In this exercise, write out the data word for word and leave every image out.

RECORDED DATA:

◆ ◆ ◆ ◆

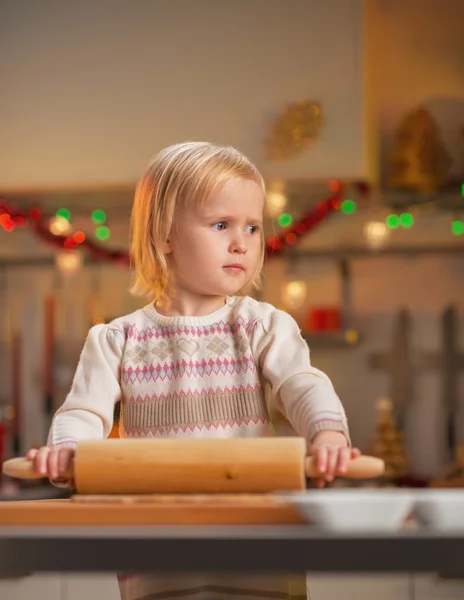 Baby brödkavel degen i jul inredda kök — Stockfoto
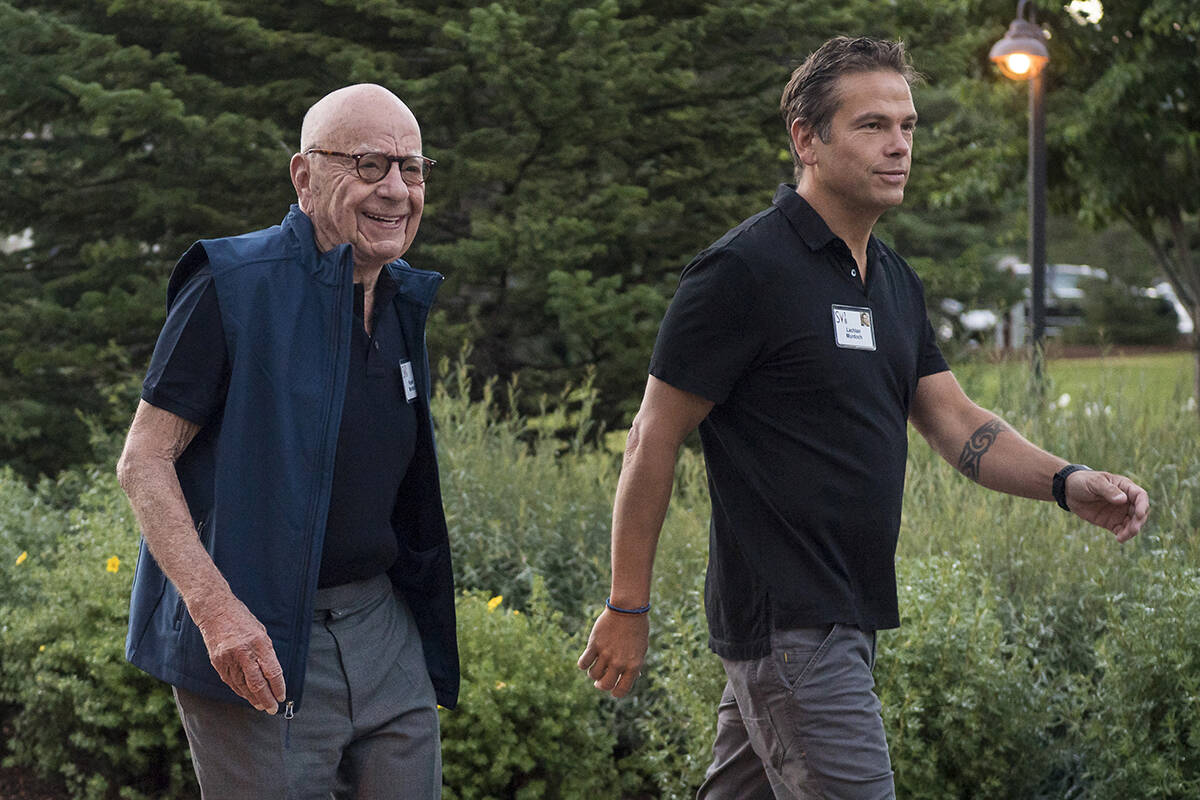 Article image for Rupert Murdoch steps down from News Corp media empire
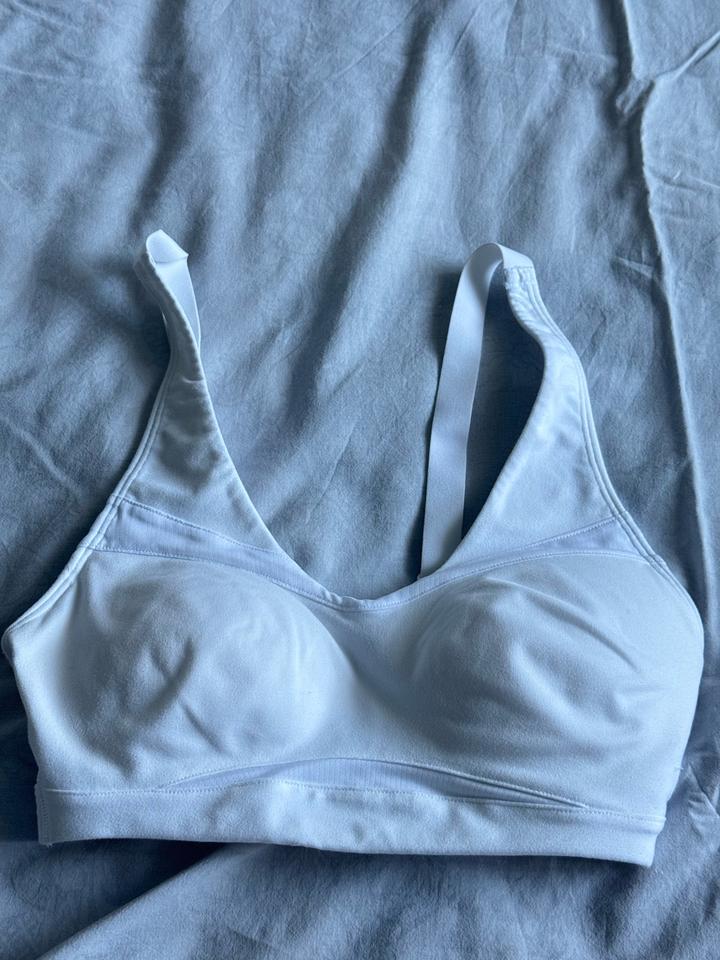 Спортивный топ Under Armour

◆ ◆ ◆ ◆

ANSWER TO THIS EXERCISE:
 Baby brödkavel degen i jul inredda kök — Stockfoto
 Article image for Rupert Murdoch steps down from News Corp media empire
 Спортивный топ Under Armour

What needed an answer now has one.